Of course this line of reasoning has been used to write off religion quite frequently. I would say it is a mistake even if you are not inclined to believe in God. I tend to think the foundational teachings of Islam are false. Does that mean everything a Muslim writes can be ignored? Not at all. You assume people are not crazy. The Emperor story has the implicit assumption that everyone else is crazy. So crazy that they cannot even recognize a naked man when they see one.
So when you come to a modern skeptic and talk about God they don't consider in the plausibility factor the reality of so many people throughout history have believed in God. In fact, many would be more willing to accept the idea of God if you were the first one ever to advance such a notion. New ideas are inherently more plausible because ... well just because.
Now it occurs to me that this post could be turned around. I am saying modern skepticism has no clothes. So I don't want to assume all modern skeptics are just crazy. That would be committing the same fallacy I am accusing them of.
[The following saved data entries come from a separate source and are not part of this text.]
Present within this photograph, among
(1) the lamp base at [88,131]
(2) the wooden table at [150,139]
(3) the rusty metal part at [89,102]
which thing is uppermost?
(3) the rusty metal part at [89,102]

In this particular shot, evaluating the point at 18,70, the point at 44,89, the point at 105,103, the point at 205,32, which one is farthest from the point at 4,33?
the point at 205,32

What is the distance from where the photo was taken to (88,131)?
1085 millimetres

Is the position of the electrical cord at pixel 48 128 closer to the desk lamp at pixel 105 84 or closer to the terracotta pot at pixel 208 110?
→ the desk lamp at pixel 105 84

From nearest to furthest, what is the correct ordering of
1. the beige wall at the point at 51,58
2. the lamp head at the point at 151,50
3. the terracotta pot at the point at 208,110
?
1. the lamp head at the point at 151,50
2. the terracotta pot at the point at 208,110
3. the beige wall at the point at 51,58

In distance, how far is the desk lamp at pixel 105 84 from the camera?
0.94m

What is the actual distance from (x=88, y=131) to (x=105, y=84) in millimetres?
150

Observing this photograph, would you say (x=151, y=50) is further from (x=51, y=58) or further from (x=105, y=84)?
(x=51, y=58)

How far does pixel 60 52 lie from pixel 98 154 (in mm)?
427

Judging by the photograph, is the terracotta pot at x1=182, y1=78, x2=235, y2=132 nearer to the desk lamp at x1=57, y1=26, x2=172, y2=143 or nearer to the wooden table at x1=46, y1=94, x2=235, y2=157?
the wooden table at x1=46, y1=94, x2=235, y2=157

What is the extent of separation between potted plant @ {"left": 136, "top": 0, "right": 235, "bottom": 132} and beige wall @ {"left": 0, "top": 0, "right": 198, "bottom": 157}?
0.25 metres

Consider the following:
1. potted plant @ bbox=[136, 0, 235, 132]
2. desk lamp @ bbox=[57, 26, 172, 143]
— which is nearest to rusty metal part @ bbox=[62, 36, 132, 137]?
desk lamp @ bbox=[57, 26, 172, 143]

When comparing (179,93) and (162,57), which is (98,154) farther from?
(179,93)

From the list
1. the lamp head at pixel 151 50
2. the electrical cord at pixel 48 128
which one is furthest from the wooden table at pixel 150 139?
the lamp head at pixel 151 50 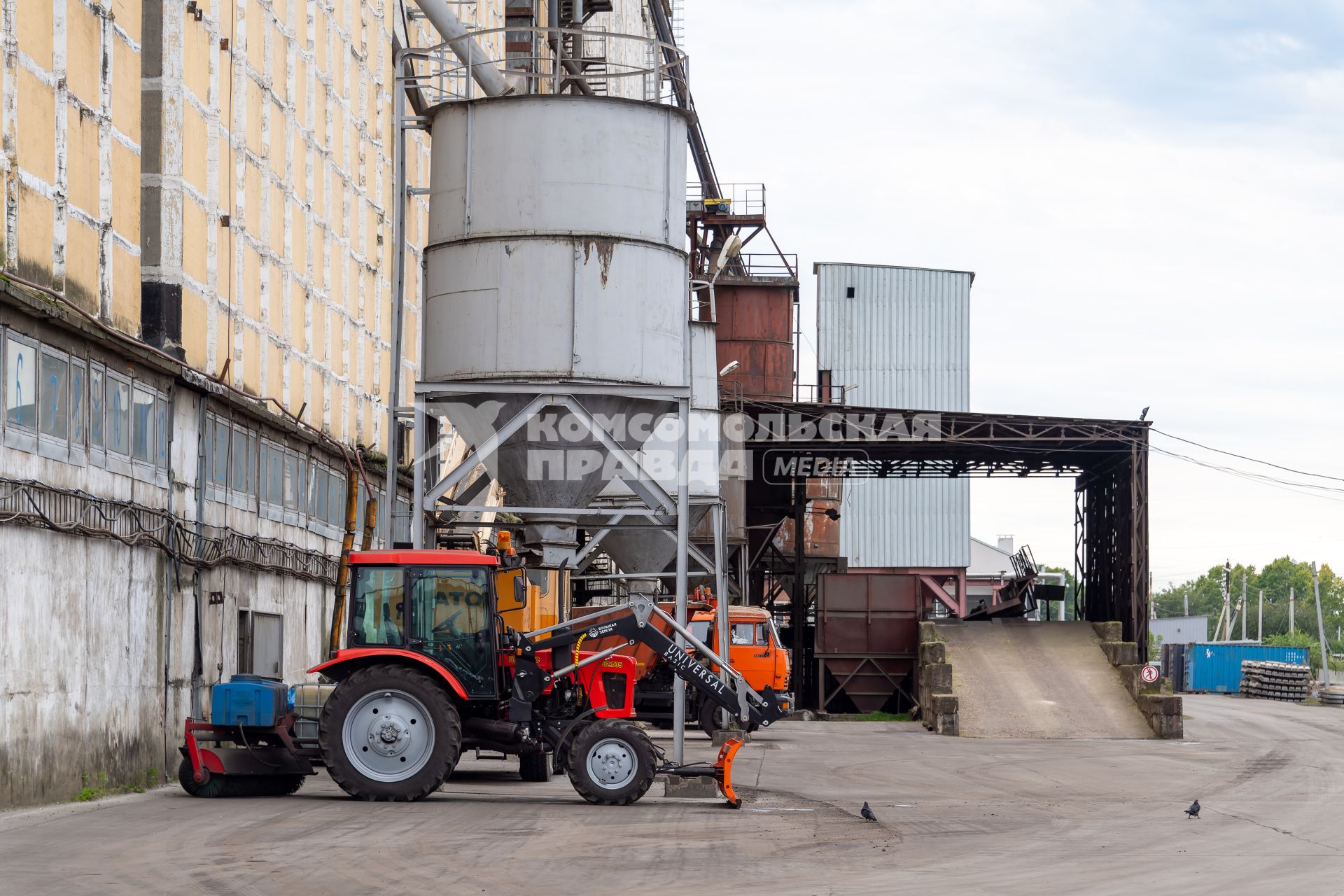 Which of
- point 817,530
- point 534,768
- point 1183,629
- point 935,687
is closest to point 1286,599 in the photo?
point 1183,629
In modern times we are more aware of the many different ideas around religion and morality. We can see biases and unquestioned assumptions have led to some problems. So we try and question our own belief system more intensely. But there is a difference between questioning and expecting an answer and simply assuming nobody asks this question and just dismissing the whole thing.
There is an idea out there that people of faith don't ask questions. True faith, at least for Catholics, does not fear questions. If you really believe it is true then the questions should have answers. So assuming people only believe because they have never really asked the hard questions, that is one of those assumptions we should question.
The other assumption we should question is whether skepticism is the best approach. We need some way of arriving at truth. Is demanding rigorous proof of everything the right answer? Can you prove it is?